The baby robins and starlings have already fledged and the wrens that serenade me morning noon and night are very busy- they seem to love the honey suckle tree. The indigo bunting and rose breasted grosbeak have not visited one of my many feeders in a week or so. I suspect that they have altered their diet to protein filled insects to feed their chicks. The resident pileated woodpecker still comes for suet and as I inspect my property I see evidence of all their wood working!
I have harvested rhubarb twice and made BBQ sauce and the most delicious almond rhubarb cake. We have enjoyed pancakes with rhubarb compote each and every weekend with family over the last three weeks. The onions and herbs are doing magnificently and it looks as if the black raspberries look promising. The grape arbor did not fare so well and there are far fewer leaves than last year. I have become accustomed to things changing with no notice. You have to roll with what nature deals you – Did I mention the steady arrival of asparagus that seem to grow three inches over night ?
Now to my biggest enemy – the strangling vine that threatens the trees, grape vines and every thing else it can strangle. Friends and family marvel at how I set my eyes on this plant enemy and giggle as I hang like Jane – Tarzan’s love interest from the vines. Last summer I nearly lost my eye fighting this vine and on mother’s day this year I fell and impaled my hand when pulling with all my weight. Yes we ate the lobster for mother’s day – but a trip to the hospital was required.

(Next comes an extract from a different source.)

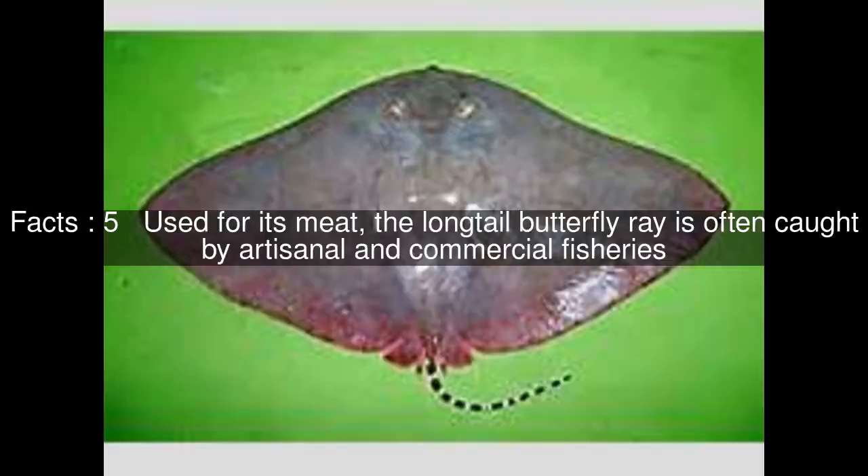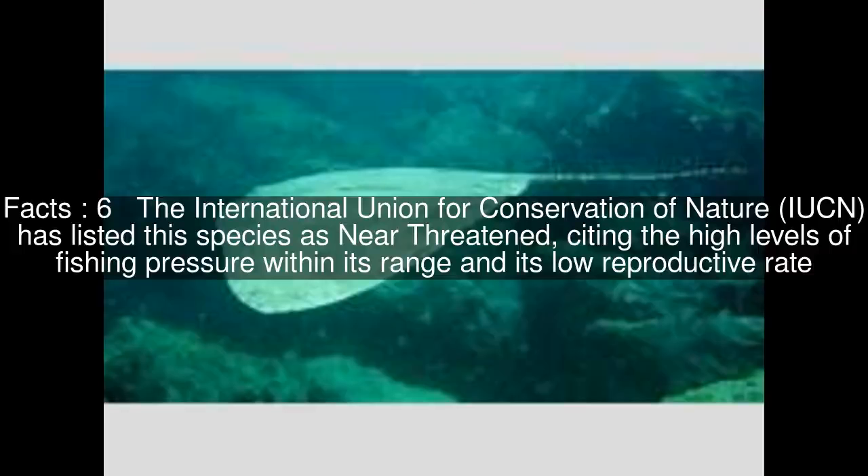Used for its meat, the long-tail butterfly ray is often caught by artisanal and commercial fisheries. The International Union for Conservation of Nature has listed this species as near-threatened, citing the high levels of fishing pressure within its range and its low reproductive rate.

Next enemy is Poison Ivy – last year we all got the rash and it was really really bad- My son ended up at the hospital and so did I. While in the waiting room another patient warned me Midland was the poison ivy capital of yes – the WORLD. She also mentioned people have been infected in the Winter! This year I actually am wearing gloves and pants instead of my usual “gardening dresses” that my children chide me for. I have learned that farm accidents happen very easily and I have had cuts and eye injuries that I should have been more cautious about.
This summer I have lots to do and I plan to be safe so that I can enjoy the bounty! One last thought- I bought lots of seedlings- hundreds in fact.
I know that I should have started my own but the late winter and the decision to stay in the West so that we did not return to snow made it too late to do that even then I came back to three feet of water in the basement and we were left in below freezing temperatures- yes freezing in late April/May – and no hot water for almost a week. Another set back. Did I mention that the roof of my out building collapsed and that part of my enormous fence collapsed by a neighbours tree? I have struggled with farm/neighbour etiquette. Do I mention this or just go break it down? Is it legally his tree or mine? At the end of the day when we mentioned to him – his reply “ No big deal” and left on his golf cart that he uses to navigate his property.
The seed potatoes were planted yesterday- it was to be the beans today – but there is heavy rain. I need to harvest more rhubarb and make mint sauce. There is always something to do. I have learned that it is all about prioritizing and being kind to yourself when most of your to do list never gets done.
I did take the time to make small batch apricot jam. I have learned that small batch is best- you can leave out the pectin giving you a much clearer fruit flavour – I cooked this batch down – with the pits of course for 5 hours.